▼

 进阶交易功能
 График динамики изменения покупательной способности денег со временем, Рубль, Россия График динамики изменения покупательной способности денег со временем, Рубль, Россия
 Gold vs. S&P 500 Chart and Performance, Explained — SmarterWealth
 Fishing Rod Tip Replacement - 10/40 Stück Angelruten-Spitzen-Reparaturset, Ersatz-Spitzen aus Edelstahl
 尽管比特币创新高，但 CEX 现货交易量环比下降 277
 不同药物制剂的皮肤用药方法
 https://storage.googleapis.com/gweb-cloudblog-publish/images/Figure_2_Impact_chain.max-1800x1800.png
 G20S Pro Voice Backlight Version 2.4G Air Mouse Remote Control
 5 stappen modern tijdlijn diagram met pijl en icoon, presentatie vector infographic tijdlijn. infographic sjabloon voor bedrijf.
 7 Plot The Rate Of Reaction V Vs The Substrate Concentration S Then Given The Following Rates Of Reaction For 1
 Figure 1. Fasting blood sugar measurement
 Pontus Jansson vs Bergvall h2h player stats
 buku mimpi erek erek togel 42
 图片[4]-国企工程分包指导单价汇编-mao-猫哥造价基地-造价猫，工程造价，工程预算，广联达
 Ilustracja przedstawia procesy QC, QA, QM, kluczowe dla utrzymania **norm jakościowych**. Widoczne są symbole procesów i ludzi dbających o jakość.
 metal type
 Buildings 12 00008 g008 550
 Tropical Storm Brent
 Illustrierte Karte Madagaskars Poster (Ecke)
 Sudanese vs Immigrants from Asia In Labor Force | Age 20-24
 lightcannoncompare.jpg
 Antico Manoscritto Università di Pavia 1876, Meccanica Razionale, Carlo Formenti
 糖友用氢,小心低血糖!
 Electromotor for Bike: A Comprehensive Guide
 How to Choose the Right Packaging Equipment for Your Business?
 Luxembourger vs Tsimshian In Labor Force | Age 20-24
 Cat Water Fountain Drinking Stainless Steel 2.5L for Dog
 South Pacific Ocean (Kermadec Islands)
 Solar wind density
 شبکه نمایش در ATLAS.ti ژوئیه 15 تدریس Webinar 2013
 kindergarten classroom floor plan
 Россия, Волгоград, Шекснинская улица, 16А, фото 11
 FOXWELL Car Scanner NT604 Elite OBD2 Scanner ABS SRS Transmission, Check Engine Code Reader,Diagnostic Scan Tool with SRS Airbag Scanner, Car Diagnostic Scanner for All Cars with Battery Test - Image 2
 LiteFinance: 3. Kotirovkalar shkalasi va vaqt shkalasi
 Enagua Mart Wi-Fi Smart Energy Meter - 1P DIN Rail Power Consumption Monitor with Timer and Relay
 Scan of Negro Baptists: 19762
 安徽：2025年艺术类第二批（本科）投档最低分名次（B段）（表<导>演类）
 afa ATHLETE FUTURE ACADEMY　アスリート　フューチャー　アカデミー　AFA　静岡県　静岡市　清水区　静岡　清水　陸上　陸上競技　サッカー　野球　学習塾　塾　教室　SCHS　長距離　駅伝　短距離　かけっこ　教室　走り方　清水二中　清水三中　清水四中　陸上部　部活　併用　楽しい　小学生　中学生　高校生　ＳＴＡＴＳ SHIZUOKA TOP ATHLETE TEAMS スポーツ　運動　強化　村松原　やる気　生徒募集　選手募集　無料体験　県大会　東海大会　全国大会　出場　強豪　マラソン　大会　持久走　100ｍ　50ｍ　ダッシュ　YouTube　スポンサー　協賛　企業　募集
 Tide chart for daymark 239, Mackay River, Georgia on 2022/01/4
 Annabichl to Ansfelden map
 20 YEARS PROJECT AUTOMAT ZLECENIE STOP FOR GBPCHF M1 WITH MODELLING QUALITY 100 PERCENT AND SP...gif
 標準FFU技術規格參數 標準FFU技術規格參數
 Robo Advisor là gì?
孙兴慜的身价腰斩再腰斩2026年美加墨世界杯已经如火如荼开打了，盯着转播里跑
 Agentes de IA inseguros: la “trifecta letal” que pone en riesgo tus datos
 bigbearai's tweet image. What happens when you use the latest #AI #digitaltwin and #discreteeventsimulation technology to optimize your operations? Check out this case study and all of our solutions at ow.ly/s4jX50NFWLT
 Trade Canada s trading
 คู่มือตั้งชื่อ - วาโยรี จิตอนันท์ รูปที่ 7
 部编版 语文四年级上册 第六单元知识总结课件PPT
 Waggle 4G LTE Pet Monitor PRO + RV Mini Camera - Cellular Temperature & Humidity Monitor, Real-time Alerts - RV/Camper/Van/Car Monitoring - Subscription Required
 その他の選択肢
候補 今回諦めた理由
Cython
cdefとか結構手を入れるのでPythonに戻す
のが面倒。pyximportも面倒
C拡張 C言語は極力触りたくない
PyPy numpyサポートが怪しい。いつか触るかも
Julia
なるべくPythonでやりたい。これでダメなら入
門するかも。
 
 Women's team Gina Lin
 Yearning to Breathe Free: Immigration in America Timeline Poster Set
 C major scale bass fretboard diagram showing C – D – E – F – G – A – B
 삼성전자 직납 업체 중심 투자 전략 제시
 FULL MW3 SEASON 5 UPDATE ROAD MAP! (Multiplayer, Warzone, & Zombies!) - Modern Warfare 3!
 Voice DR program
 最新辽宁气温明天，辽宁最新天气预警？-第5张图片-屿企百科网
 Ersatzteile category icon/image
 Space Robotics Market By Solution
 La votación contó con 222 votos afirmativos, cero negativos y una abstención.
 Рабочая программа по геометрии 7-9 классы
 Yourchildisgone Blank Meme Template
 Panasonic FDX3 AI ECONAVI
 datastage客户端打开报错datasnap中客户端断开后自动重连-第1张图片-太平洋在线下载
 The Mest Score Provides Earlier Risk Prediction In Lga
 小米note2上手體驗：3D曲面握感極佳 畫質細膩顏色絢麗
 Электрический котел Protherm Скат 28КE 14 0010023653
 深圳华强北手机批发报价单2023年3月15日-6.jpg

▲

§ TASK BRIEF: Pull each line holding "Voice" out of the listing.

§ SOLUTION:
 G20S Pro Voice Backlight Version 2.4G Air Mouse Remote Control
 Voice DR program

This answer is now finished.